Over 4,500 stores in the Netherlands are committed to this market transformation, including well-known chains such as Albert Heijn, Laurus, C1000, Super Unie and Super de Boer. The MSCs Chief Executive Rupert Howes tonight highlighted the significance of their announcement: This is an incredible, ambitious and ground-breaking initiative: The entire supermarket sector of a major European nation committing to source 100 percent of its wild seafood supplies from MSC-certified fisheries. I have no doubt that this bold move will deliver real and lasting change in the marine environment and will contribute to ensuring the sustainability of seafood supplies for this and future generations. The MSC is looking forward to working closely with the Dutch Association of Food Retail and its members over the coming years to ensure this commitment becomes a reality.
The initiative was announced yesterday at a conference of the Dutch Association of Food Retail (Centraal Bureau Levensmiddelenhandel, CBL) Marc Janssen, Head of Quality and Consumer Affairs at CBL, said on the sectors decision: Fish consumption in the Netherlands is rising because Dutch consumers have come to appreciate the high nutritional value of fish. At the same time they are increasingly aware of sustainability issues and are asking how the fish they buy has been caught. In the past, the Dutch food industry has focussed on food safety when it came to quality control. With meat, vegetable and fruit we have learned that you cannot ignore sustainability issues and we want to make use of this knowledge when it comes to fish. All these aspects have led to our decision to aim for a completely sustainable fish and seafood offer.
Camiel Derichs, MSCs North European Fisheries Manager and based in The Hague, adds: From 2011, over 16 million Dutch consumers will be able to go to any supermarket in their country and choose from a broad range of sustainably caught fish. The blue MSC eco-label will make it easy for them to reward responsible fishing practices.
Kees Lankester, member of the MSC Board of Trustees, adds: The MSC is moving from niche to mainstream markets. This nationwide colossal step by the Dutch retail chains sends a strong signal to the global fisheries sector that products from recognised responsible fisheries will increasingly have preferred market access.
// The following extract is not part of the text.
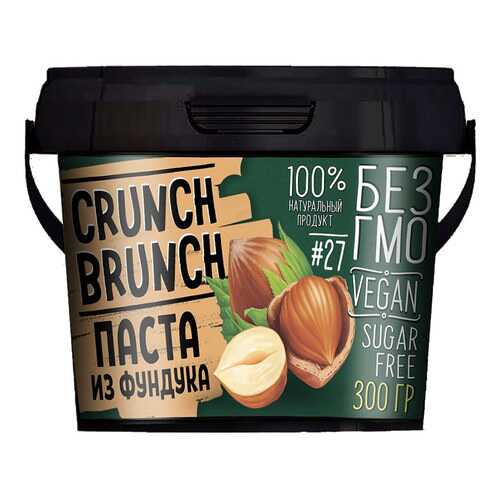 Паста Crunch Brunch из фундука 300 г в Самбери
The association and its members will work with various organisations, including WWF and the North Sea Foundation, to achieve their aim of a fully sustainable fish and seafood offer. “We are delighted about this decision. It will hugely encourage local fisheries to go for certification as there will be a guaranteed market demand. The much needed transition of the Dutch catching sector will now get a giant boost, said Christine Absil, Fisheries Policy Officer with the North Sea Foundation.
Carel Drijver, Head of WWF Netherlands Oceans & Coasts Programme, agrees and adds: WWF is glad to work with the supermarkets on implementing their strategy and to collaborate with the fishers to get them to a stage where they can apply for MSC certification.